James without thinking of the other two—Sir George Perley and Sir Edward Kemp. It’s not that they are so much together as that they all possess in varying degrees the same kind of ability and the same lack of popularity with the general public. Of course Sir George is no longer in the Ministry but, as a personal friend and financial adviser of the Premier, he probably possesses more power at Ottawa than many a nominal member of the Cabinet. Moreover, he has been and will be again High Commissioner at London. While there during the war he helped to make Union Government unpopular with members of the C. E. F., not so much by what he did as by the way he did it. No matter what Sir George may be to his friends, to the general public he is about as warm and responsive as a graven image. He shares with Sir Robert Borden the ability to do a kindly act so graciously that the recipient rushes for the open air and halloas for help. Moreover he carries large rolls of red tape into every transaction and generally makes his office a place that it pays to avoid unless you really

have to go. A worthy man Sir George, who understands political economy.

Then there is Sir Edward Kemp. He too did his bit in England and stands as the reason why some of the soldiers will vote against Union Government. He has just come back and there is a strong possibility that he will finish his political career as Lieutenant-Governor of Ontario. That position, by the way, was meant for poor old Frank Cochrane whose death caused more genuine sorrow in the House and in Ontario than the demise of any other Minister in many a day. Yes, Hon. Frank was to have been Lieutenant-Governor and, if he had lived to occupy the big house in Rosedale, he would have changed things a bit. “The chief would have made Government House a place to go to instead of a place to stay away from,” is the way one Ontario politician put it. For “Old Frank” was always “The Chief” among his old followers in Ontario and they gave him a homage it has been the lot of few leaders to receive.

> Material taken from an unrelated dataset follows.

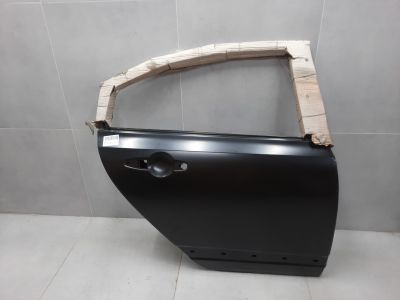 Дверь правая задняя для Honda Civic 4D 2006-2012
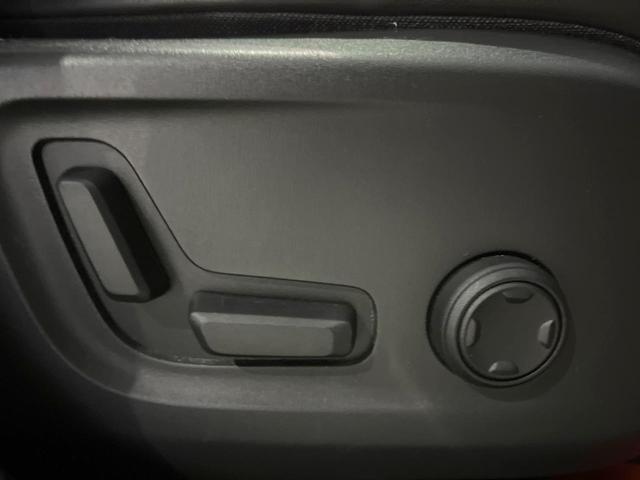 ＸＣ４０ Ｔ４　ＡＷＤ　Ｒデザイン　認定中古車　サンルーフ　ｈａｒｍａｎ／ｋａｒｄｏｎ　純正９型ナビ　３６０°ビューカメラ　アダプティブクルーズコントロール　全席シートヒーター　前席パワーシート　パワーバックドア（10枚目）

However, Hon. Frank Cochrane is gone. When Sir John Hendrie moves back to Hamilton, Sir Edward Kemp will likely reign in his place—and it remains to be seen w'hether Government House will be a place to go to or a place to stay away from. For Sir Edward is also of the cold business type whom Sir, Robert loves to honor. He is sometimes called the Tin Pot King of Canada, for his sheet metal -works are large and their business is widespread. He built up this business himself and he has employed his business ability to his country’s benefit as chairman of the War Purchasing Committee and Minister of Militia in Canada and as Overseas Minister in England. He has straightened out many a business muddle left by more popular predecessors. But he may even be a sufferer from his own competence, for the traits that enable a man to make a business a success seldom endear him to his followmen.

But to return for a moment to the Cabinet situation. Sir George Foster and Hon. J. C. Doherty will probably postpone their retirement for the present. Hon. A. K. Maclean may do likewise, though personally he favors getting back to party lines and getting busy. Whether Hons. Tolmie and Drayton have been fully initiated the by-elections will have told ere this is printed. Anyway, so long as the present policy of doing nothing is adhered to it matters not whether an occasional portfolio is looking for somebody to hold it.